Drimys andina
La dernière plante que nous avons pu imager, Drimys andina (grâce à Sacred Succulents en Californie), nous a permis d’étendre la représentation géographique des plantes sacrées dans notre projet beaucoup plus au sud, dans les immenses forêts qui constituent les terres ancestrales des Mapuches, de part et d’autre de la cordillère des Andes au Chili et en Argentine. Selon Ana Mariella Bacigalupo, « les arbres Foye [canelo, Drimys winteri] sont des arbres de vie sacrés qui relient les mondes naturel, humain et spirituel et permettent aux chamans Mapuche, ou machi, de participer aux forces qui imprègnent le cosmos. Ils sont les symboles de la médecine machi, et les machi utilisent les feuilles et l’écorce amères pour exorciser les mauvais esprits, comme antibactérien pour traiter les blessures, et pour soigner les rhumes, les rhumatismes, les infections de l’estomac et la teigne ».
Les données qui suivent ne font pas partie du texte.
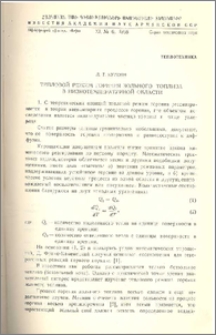 Тепловой режим горения зольного топлива в низкотемпературной области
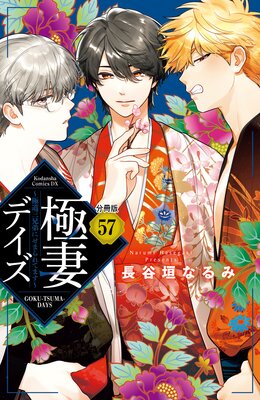 極妻デイズ ~極道三兄弟にせまられてます~ 分冊版 57巻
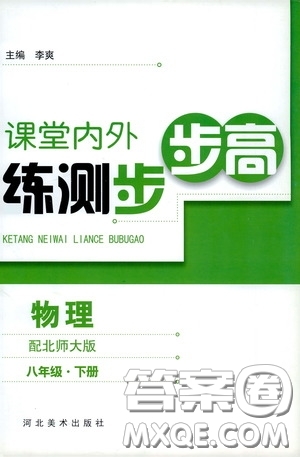 河北美術(shù)出版社2020課堂內(nèi)外練測(cè)步步高八年級(jí)物理下冊(cè)北師大版答案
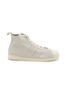 Main View - Click To Enlarge - ADIDAS - x Wales Bonner High Top Superstar Suede Men's Sneakers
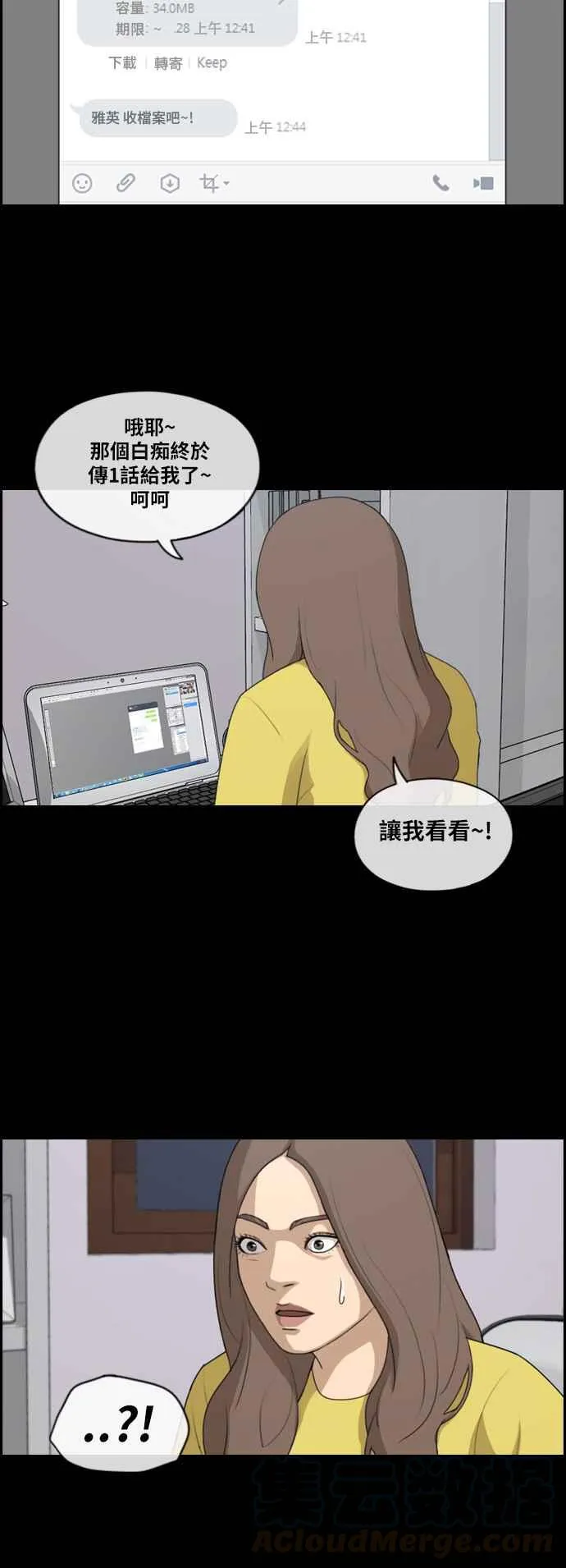 [第186话] 舞弊行为(2) 第25页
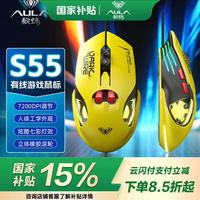 狼蛛 S55有線機械電競鼠標(biāo)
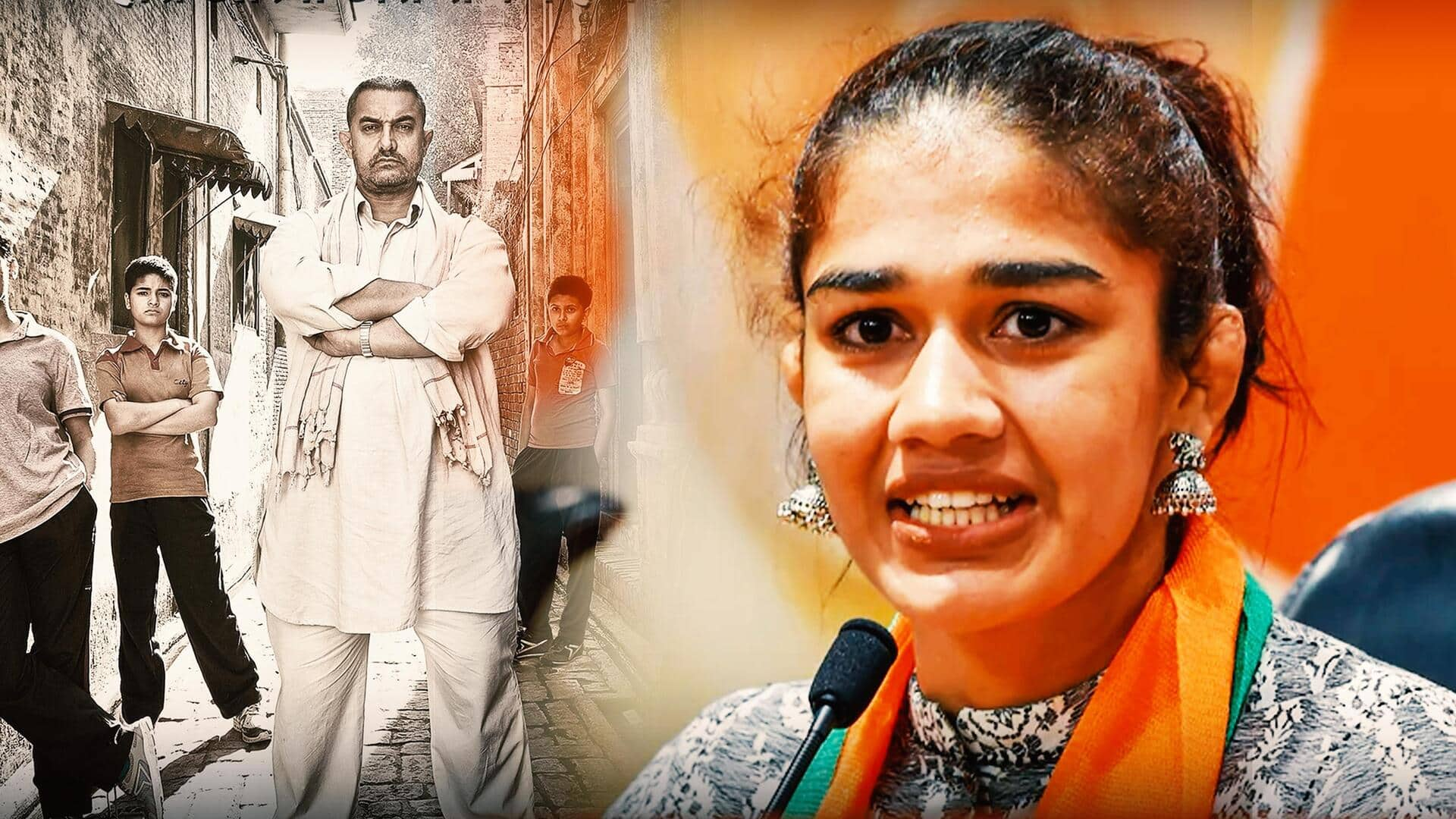 Babita Phogat reveals family only received ₹1cr for ₹2,000cr-grosser 'Dangal' 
Au fil des ans, en tant que critique littéraire, traductrice et éditrice, j’ai apprécié et promu la poésie de poètes Mapuche/Huilliche contemporains tels que Elicura Chihuailaf Nahuelpan (qui, en 2020, est devenue la première lauréate autochtone du prix national de littérature du Chili), Jaime Luis Huenún et Graciela Huinao (la première femme autochtone à intégrer l’Academia Chilena de la Lengua). J’ai inclus une sélection de vers de Huenún dans El consumo de lo que somos : muestra de poesía ecológica hispánica contemporánea. À bien des égards, sa poésie est, comme le dirait Jonathan Bate, le chant de la terre. Et parfois, les poèmes de Huenún chantent en mapuzugun : « Inche, Mawiza ñi Pelom,/Witrunko ñi Rayen,/ñien kiñe ül/pewmatun ñi kewün mew/eymingealu ». Dans ma traduction d’une traduction en espagnol, ce serait : « Moi, Lumière des Forêts,/Fleur à la source de l’eau,/J’ai une chanson/dans la langue des rêves/ pour toi ».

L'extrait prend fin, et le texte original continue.